*** Opening of Collected data ***

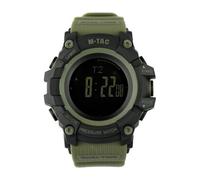 Montre Adventure M-Tac - Black/Olive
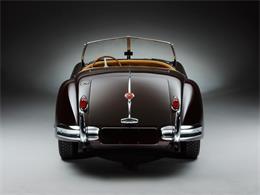 1955 Jaguar XK140 MC LHD 3.4 Roadster (CC-935851) for sale in Maldon, Essex, 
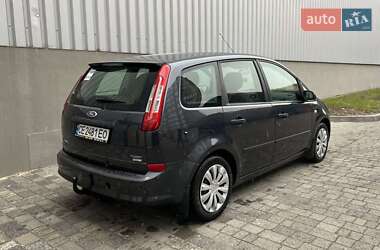 Минивэн Ford C-Max 2009 в Ковеле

*** Close of Collected data ***

Work to complete:
Your job is to reproduce the material exactly. Keep pictures out of it.

Answer:
 Montre Adventure M-Tac - Black/Olive
 1955 Jaguar XK140 MC LHD 3.4 Roadster (CC-935851) for sale in Maldon, Essex, 
 Минивэн Ford C-Max 2009 в Ковеле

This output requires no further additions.